Voilà ce qui m’interpelle d’abord à un double titre : il y a toujours autant, si pas plus, d’enfants placés dans la Fédération alors que les professionnels s’accordent à souligner l’étroite corrélation entre placement et précarité des parents. En outre, ces placements s’inscrivent davantage dans la durée, comme si les parents avaient de plus en plus de mal à sortir de l’engrenage de la pauvreté.

D’où le premier message que je souhaite faire passer : affirmer que l’aide aux enfants en danger doit devenir une grande cause nationale, c’est envisager la question par le petit côté de la lorgnette. La grande cause nationale, c’est d’abord l’aide aux familles en difficulté pour leur permettre d’élever décemment leurs enfants. Une mère qui parlait d’expérience résumait bien la question : quand on doit lutter tous les jours pour assurer le minimum pour vivre, il est difficile de pouvoir tout assumer. Comment un enfant peut-il s’épanouir si ses parents ne disposent que d’un logement insalubre, ou à fortiori s’ils se retrouvent à la rue ou hébergés à gauche ou à droite chez des connaissances ? Toutefois, le problème du logement souvent cité comme un facteur clef de la pauvreté, n’est pas l’unique obstacle car la pauvreté impacte tous les aspects de la vie. Si nous voulons significativement diminuer le nombre de placements d’enfants, c’est d’abord ce défi là qu’il nous faut prioritairement relever.

Rappelons cette évidence : la pauvreté est une atteinte aux droits de l’enfant, elle affecte l’ensemble des droits de l’homme et de l’enfant.

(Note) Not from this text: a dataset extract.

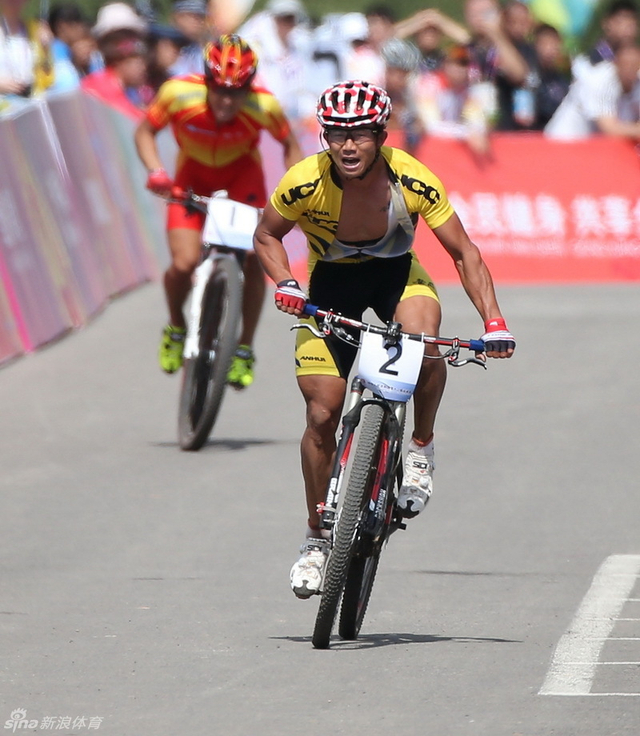 姬建华(前)在比赛中冲刺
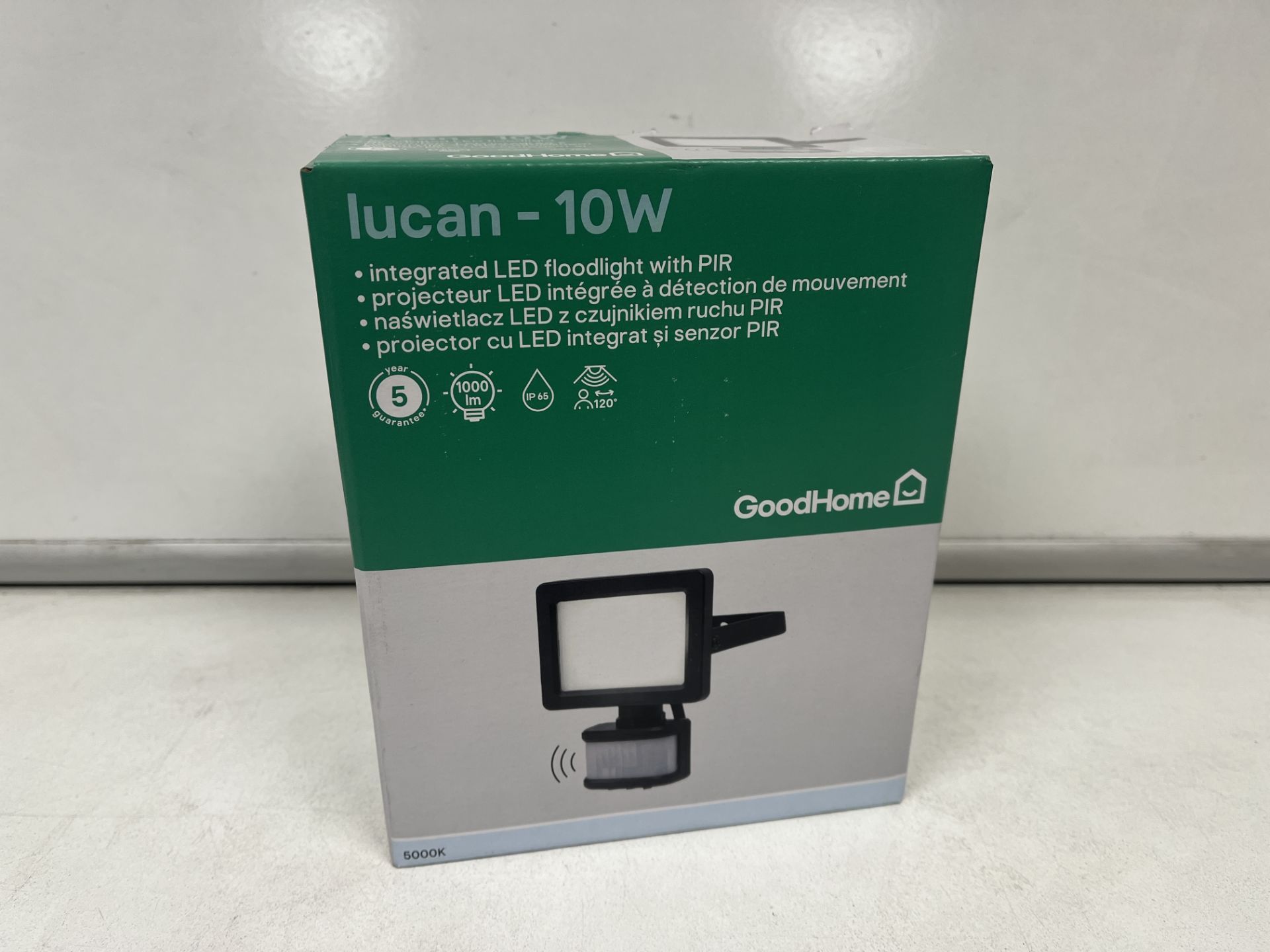 8 X NEW BOXED GOODHOME LUCAN 10W INTEGRATED LED FLOODLIGHT WITH PIR. 1000 LUMENS. ROW5.8RACK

Par ailleurs, je suis interpellé parce que la campagne occulte totalement la voix des parents d’enfants placés ou en risque de l’être. Je le sais, le sujet est délicat et le dialogue semé d’embûches, mais il y va d’une question de cohérence, d’un préalable incontournable. Le Décret du 18 janvier 2018 portant le code de la prévention, l’aide et la protection de la jeunesse est clair : l’aide et la protection à l’enfant en difficulté ou en danger se déroulent prioritairement dans le milieu de vie, l’éloignement de celui-ci étant l’exception, il affirme le droit de l’enfant d’entretenir des relations personnelles et des contacts directs avec ses parents en cas d’éloignement. Par essence, un placement est provisoire et il faut veiller à réduire autant que possible la durée de l’éloignement. Comment ce droit peut-il être respecté si les parents sont les grands absents de la campagne ? Comment cet objectif peut-il être atteint s’ils en sont dès le départ tenus à l’écart ?

Voici dès lors mon deuxième message : concevoir une telle campagne en reflétant uniquement la sensibilité des accueillants, aboutit tôt ou tard à une impasse. Cette façon de faire hypothèque lourdement une coopération entre ceux-ci et les parents, pourtant favorable au développement harmonieux de l’enfant. Elle risque d’exacerber une rivalité latente, et d’engendrer une méfiance réciproque. Elle fait dire aux parents dont l’avis n’est pas demandé : je n’aime pas les familles d’accueil. Elle zappe le fait que la majorité des enfants placés sont accueillis par des membres de la famille élargie, par exemple des grands-parents, ou des frères et sœurs.

Oui, accueillir un enfant dont les parents sont en difficulté, c’est beaucoup plus que de l’héberger, de lui donner un cadre de vie harmonieux et lui prodiguer de l’affection. C’est aussi continuer à aider les parents à garder, exercer ou à retrouver leurs responsabilités dans la mesure de leurs moyens, c’est contribuer à répondre à leurs difficultés, c’est mettre tout en œuvre pour maintenir le lien entre les parents et l’enfant. Si les accueillants ne tiennent pas compte de ces aspects, la double appartenance en soi délicate pour l’enfant sera encore plus difficile à vivre. Certes, la campagne précise qu’être parent d’accueil, ce n’est pas de l’adoption, mais j’aurais aimé que cette exigence formulée de façon lapidaire soit davantage développée. Il est essentiel que les candidats accueillants soient correctement informés de la nature des engagements qu’ils entendent prendre. À défaut, tout le monde est perdant.